Step 1: The Design Team
The retailer provides:
feet measurement by hand or measurement by 3D scanner or standard shoes size;
the chosen model;
customization choices, such as:
• leather (calfskin, suede, deer, eel, ostrich, elaphe snake or kangaroo)
• colors
• name or monogram
• other requests
According to customer’s requests, the designer set up the specifications for the last (a brand new one or a modification made on the existing last) [A shoe last is a 3-dimensional wooden or plastic mold upon which a shoe is constructed] and realize a drawing of the shoe following the requests of the customer.
Step 2: The construction of the Shoe Last

Now the artisan will produce a new shoe-last or alternatively the existing one will be amended. The shoe last is the physical basis from where we start making your shoes. A shoe last is a mold that emulates a foot to give the shoe its proper shape.

Step 3: Leather
The artisan selects the leather and paints it as required, if necessary.
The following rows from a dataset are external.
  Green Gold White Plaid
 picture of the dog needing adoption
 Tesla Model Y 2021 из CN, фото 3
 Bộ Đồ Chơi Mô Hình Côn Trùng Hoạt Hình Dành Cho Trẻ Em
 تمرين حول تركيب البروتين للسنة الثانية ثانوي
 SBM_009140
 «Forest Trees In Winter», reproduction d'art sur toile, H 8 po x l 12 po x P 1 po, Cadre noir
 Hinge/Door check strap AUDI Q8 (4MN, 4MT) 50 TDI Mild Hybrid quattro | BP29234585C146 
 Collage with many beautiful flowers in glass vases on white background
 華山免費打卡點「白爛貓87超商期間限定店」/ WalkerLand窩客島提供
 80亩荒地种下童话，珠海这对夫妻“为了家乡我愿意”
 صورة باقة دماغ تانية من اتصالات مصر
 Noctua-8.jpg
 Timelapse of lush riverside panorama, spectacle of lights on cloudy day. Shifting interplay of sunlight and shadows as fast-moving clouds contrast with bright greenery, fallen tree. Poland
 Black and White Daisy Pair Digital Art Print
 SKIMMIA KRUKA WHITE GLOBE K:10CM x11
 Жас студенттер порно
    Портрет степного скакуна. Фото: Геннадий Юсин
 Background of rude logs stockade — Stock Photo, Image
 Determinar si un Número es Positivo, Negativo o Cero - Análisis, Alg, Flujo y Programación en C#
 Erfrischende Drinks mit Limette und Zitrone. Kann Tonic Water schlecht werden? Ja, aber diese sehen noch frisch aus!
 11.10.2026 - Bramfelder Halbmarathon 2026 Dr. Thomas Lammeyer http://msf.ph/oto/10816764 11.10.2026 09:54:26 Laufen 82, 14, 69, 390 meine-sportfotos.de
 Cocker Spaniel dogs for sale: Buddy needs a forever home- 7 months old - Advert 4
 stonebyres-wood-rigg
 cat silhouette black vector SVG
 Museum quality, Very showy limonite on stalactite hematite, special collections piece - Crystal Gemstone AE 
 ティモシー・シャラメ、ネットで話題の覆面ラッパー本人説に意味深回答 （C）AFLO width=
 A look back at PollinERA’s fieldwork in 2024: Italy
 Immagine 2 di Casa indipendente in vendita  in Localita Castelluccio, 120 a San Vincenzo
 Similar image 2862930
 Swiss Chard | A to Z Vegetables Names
Step 4: Leather. Cutting and Sewing
Partly due to the number of pieces used to make one shoe, constructing footwear is a true craft. The pieces needed to make the shoe are cut from high quality leather then in the next shoes manufacturing step the parts are sewn together

Step 5: Assembling the Shoe
The shoe is stitched by the master shoemaker by hand. This is a fundamental phase to determine how your shoes are made. If the footwear is a classic Derby or an Oxford, a technique called Goodyear welting may be used or Blake or Blake/Rapid. For Sneaker or Loafer we have specific sewing technique

Step 6: Insoles and Decoration
Now the pins that were placed in the heel will be removed and the holes they’ve left in the leather sealed. Any ornamental perforation is taken care of at this stage. Or if the finish of the shoe is smooth, seam holes are carefully hidden through a procedure of ironing, dyeing and polishing. Next, the edge of the heel and its outsole are abraded and the visible part of the welt is decorated. The double seam is compacted next and the heel and tips of the sole are dyed. Last but not least, a half-insole with the brand’s logo is inserted and the shoe is carefully cleaned

Step7: The Shoe Room
This is the finishing department where bespoke shoes receive the finishing touches that set them apart from their cheaper cousins. The shoes are polished until gleaming and, if the style requires it, they are laced up

Step 8 and 9: Quality control, packaged and shipping
Each and every shoe then undergoes a thorough final quality check. Then they are packaged and shipped to the retailer.